# EXERCISE AIM:
Below is a listing; print exactly its lines from the one containing "8 oz. Clear" down to the one containing "Antique 18kt Gold and Coral Cameo Bracelet", both inclusive, with every picture left out.

>>>>

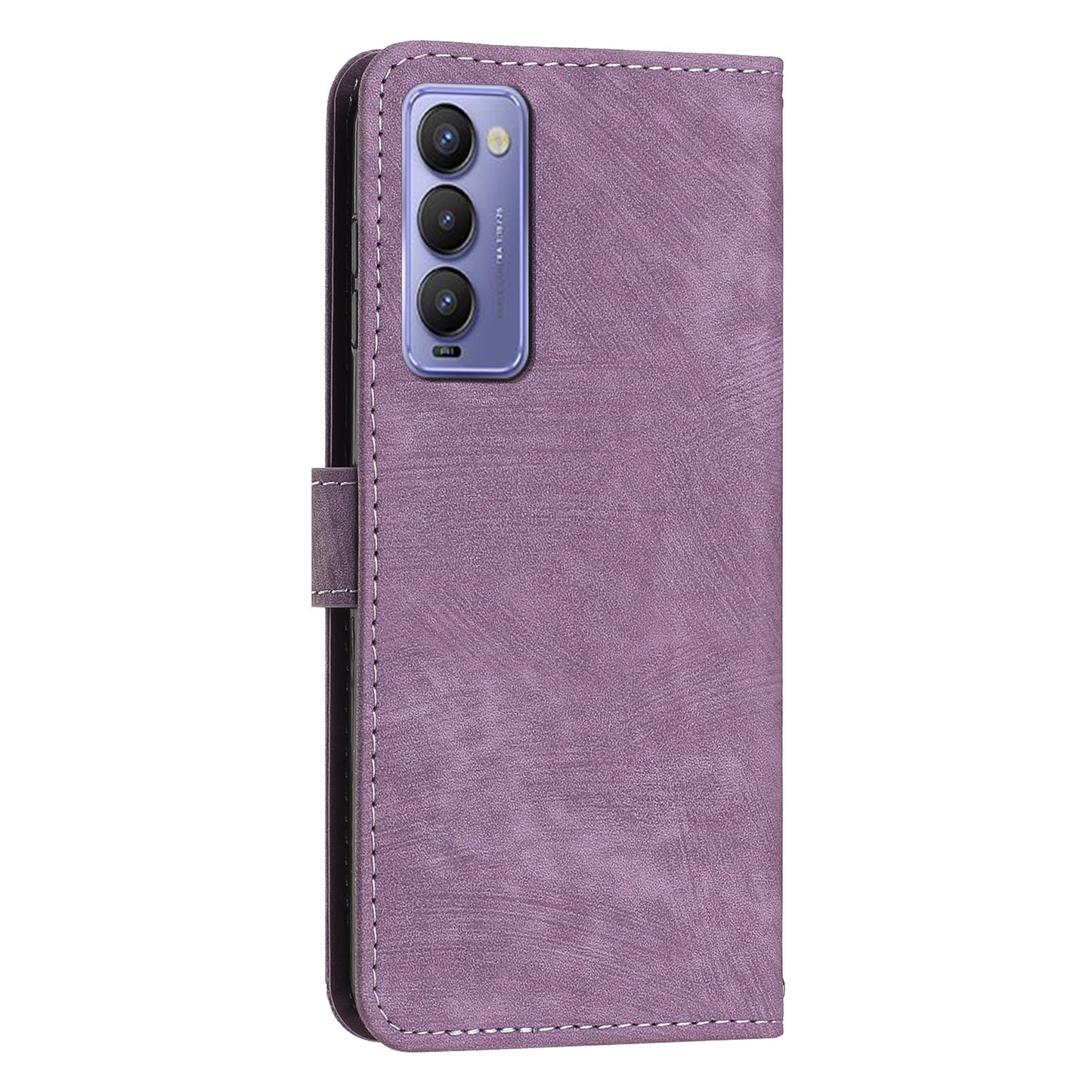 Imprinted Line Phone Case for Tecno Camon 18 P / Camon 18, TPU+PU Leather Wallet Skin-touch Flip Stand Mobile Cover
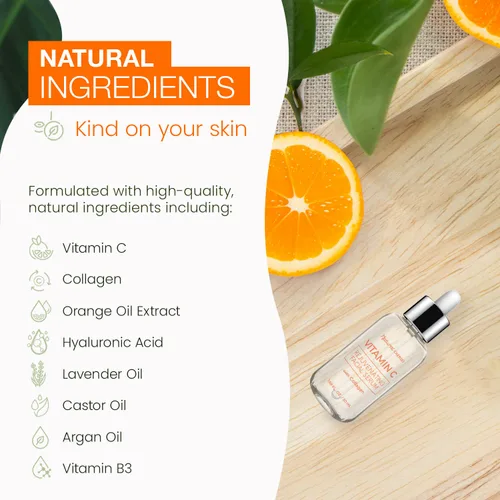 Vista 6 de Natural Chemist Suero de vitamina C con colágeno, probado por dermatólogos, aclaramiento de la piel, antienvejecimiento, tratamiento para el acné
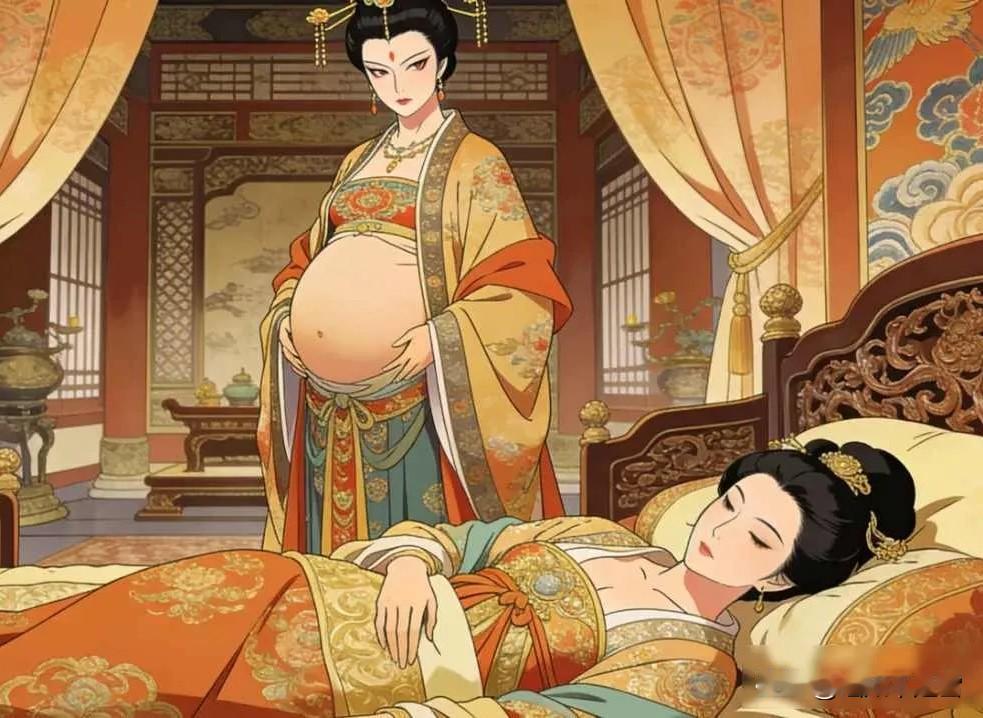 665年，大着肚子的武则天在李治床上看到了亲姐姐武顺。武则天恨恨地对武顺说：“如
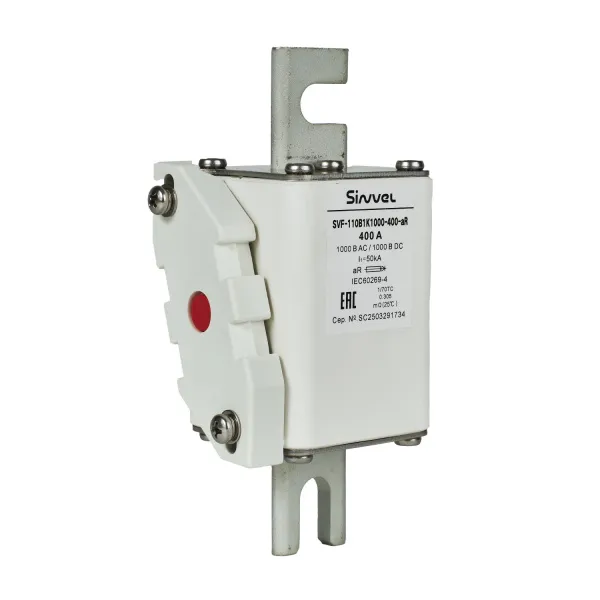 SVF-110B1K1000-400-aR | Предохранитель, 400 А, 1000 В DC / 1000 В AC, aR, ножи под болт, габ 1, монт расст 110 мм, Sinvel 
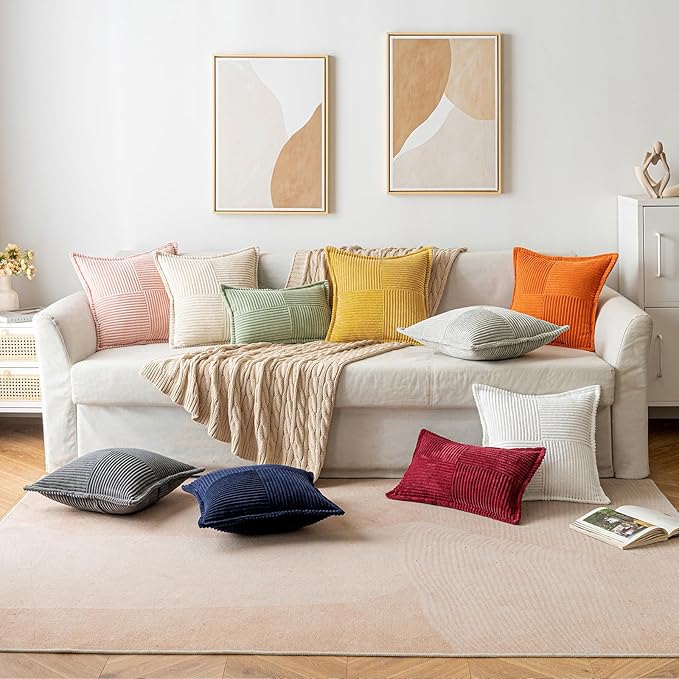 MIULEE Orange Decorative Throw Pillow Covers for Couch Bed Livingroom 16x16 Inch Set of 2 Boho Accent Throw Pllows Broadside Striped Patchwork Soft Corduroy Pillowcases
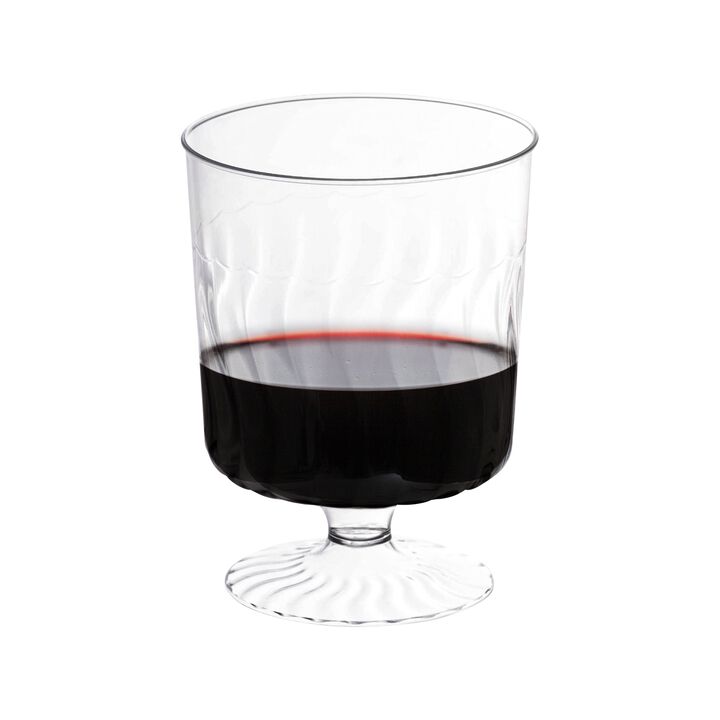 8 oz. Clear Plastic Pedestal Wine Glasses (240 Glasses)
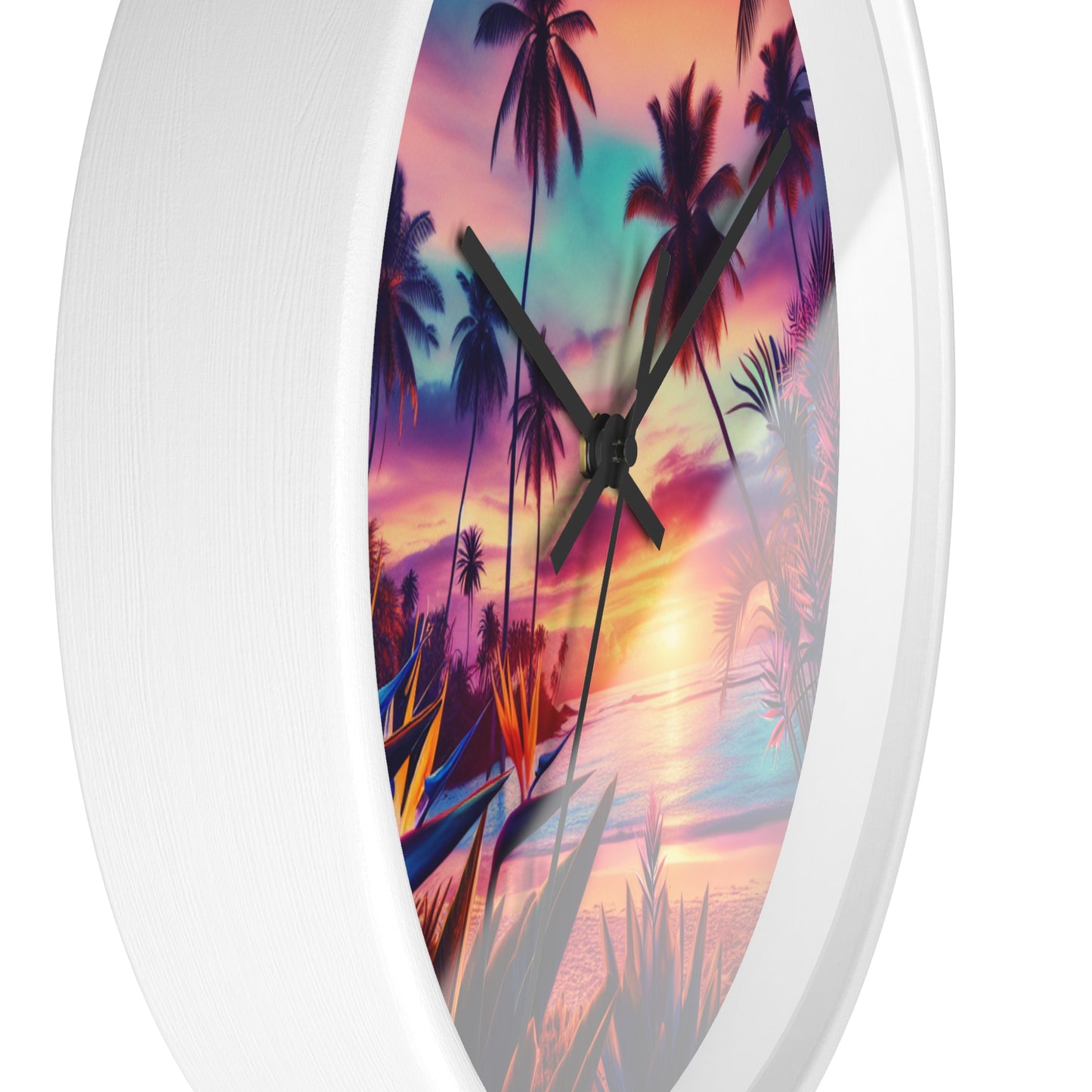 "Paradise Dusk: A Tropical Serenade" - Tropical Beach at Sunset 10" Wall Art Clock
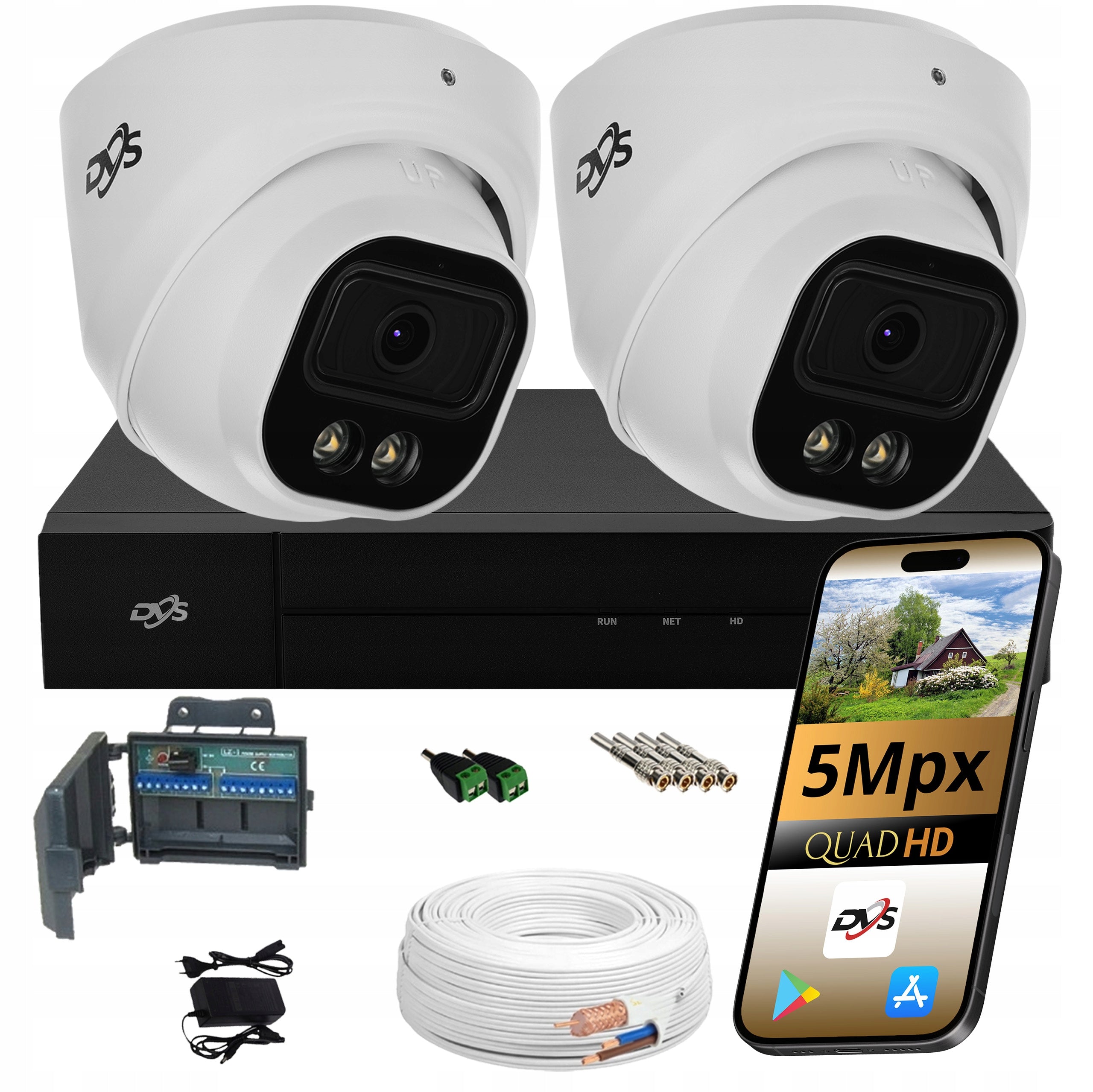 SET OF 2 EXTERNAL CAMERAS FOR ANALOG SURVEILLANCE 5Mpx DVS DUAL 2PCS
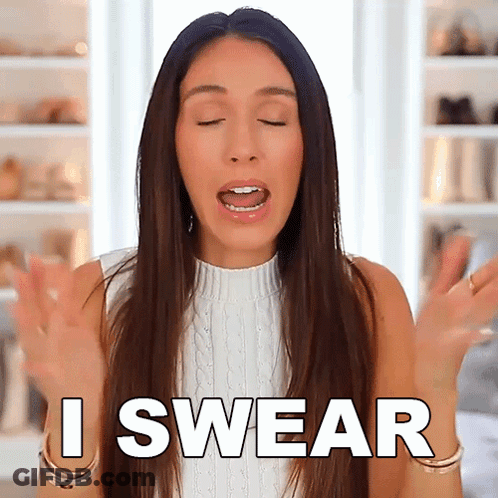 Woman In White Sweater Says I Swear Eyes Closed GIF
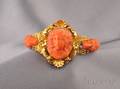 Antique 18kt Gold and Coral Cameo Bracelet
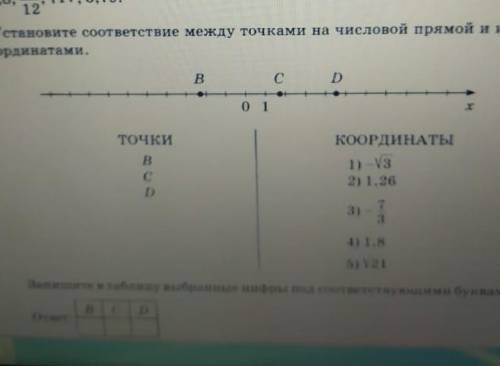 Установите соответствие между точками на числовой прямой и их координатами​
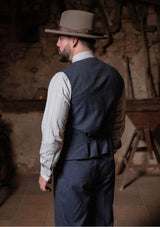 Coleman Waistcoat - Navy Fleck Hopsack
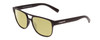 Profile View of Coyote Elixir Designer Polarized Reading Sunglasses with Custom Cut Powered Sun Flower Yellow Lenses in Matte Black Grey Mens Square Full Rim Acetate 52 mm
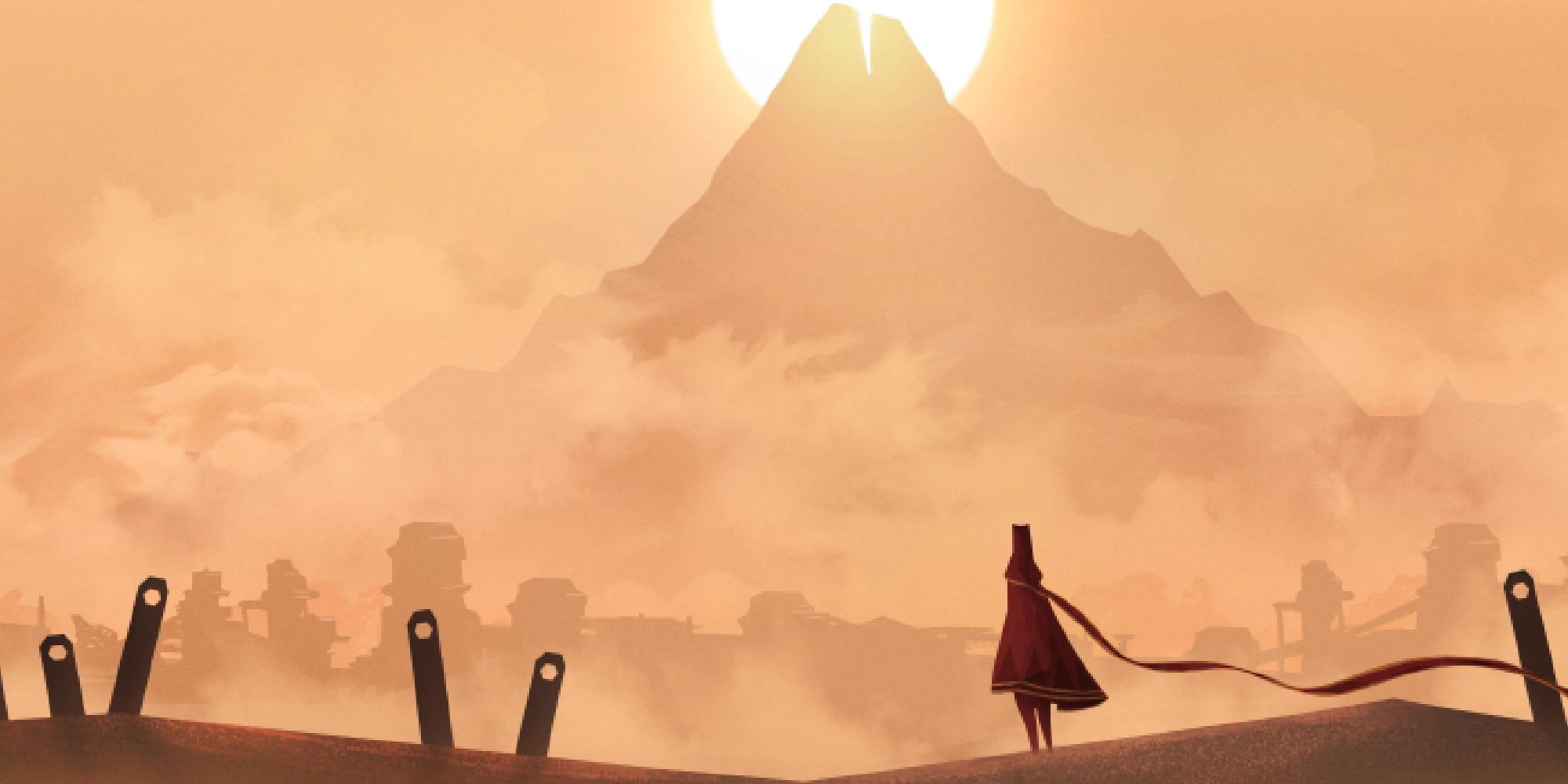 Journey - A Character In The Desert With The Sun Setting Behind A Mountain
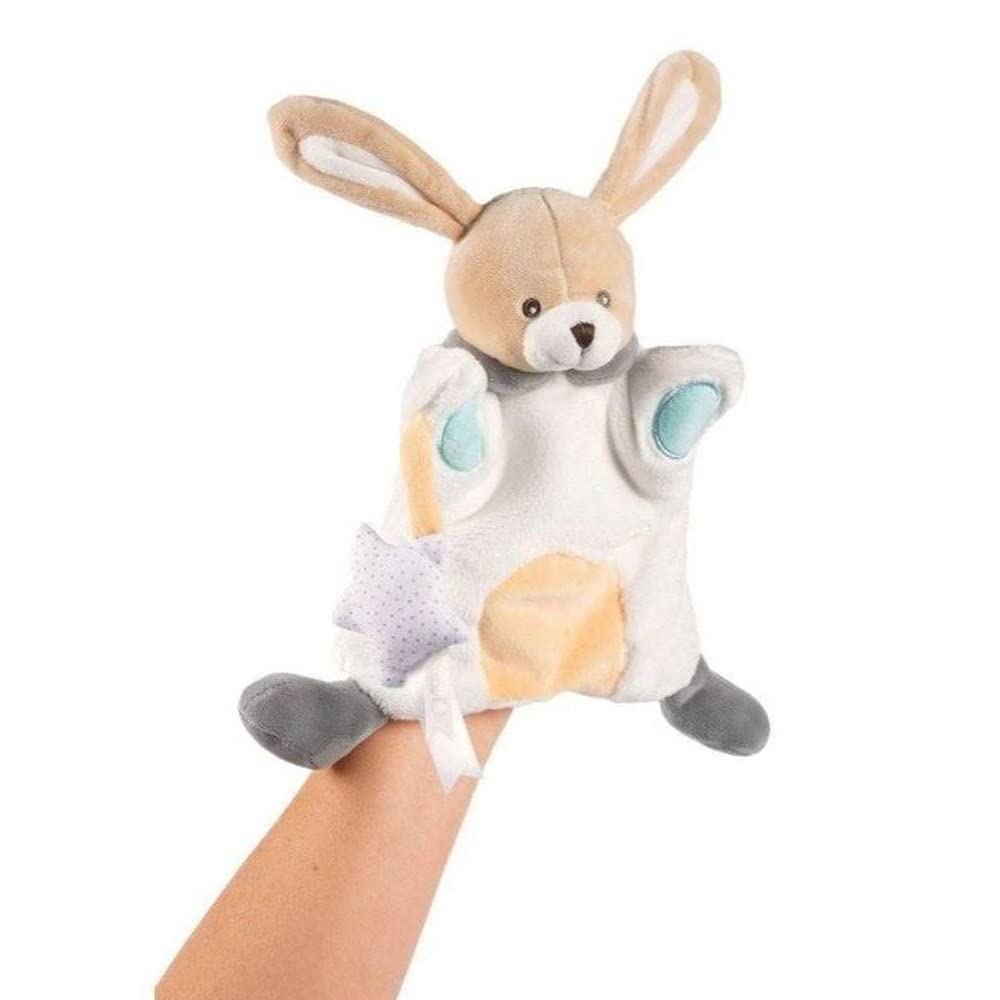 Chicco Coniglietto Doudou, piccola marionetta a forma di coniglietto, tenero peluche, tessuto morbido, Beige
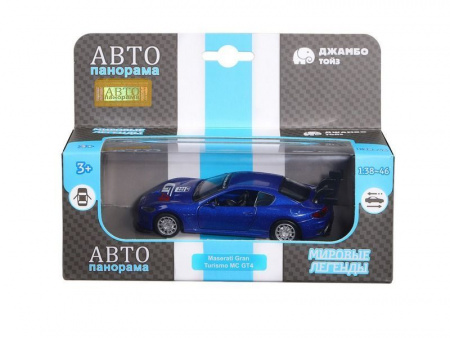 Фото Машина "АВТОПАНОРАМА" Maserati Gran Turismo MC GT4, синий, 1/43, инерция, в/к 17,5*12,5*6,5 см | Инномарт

<<<<

# OUTPUT BELOW:
 8 oz. Clear Plastic Pedestal Wine Glasses (240 Glasses)
 "Paradise Dusk: A Tropical Serenade" - Tropical Beach at Sunset 10" Wall Art Clock
 SET OF 2 EXTERNAL CAMERAS FOR ANALOG SURVEILLANCE 5Mpx DVS DUAL 2PCS
 Woman In White Sweater Says I Swear Eyes Closed GIF
 Antique 18kt Gold and Coral Cameo Bracelet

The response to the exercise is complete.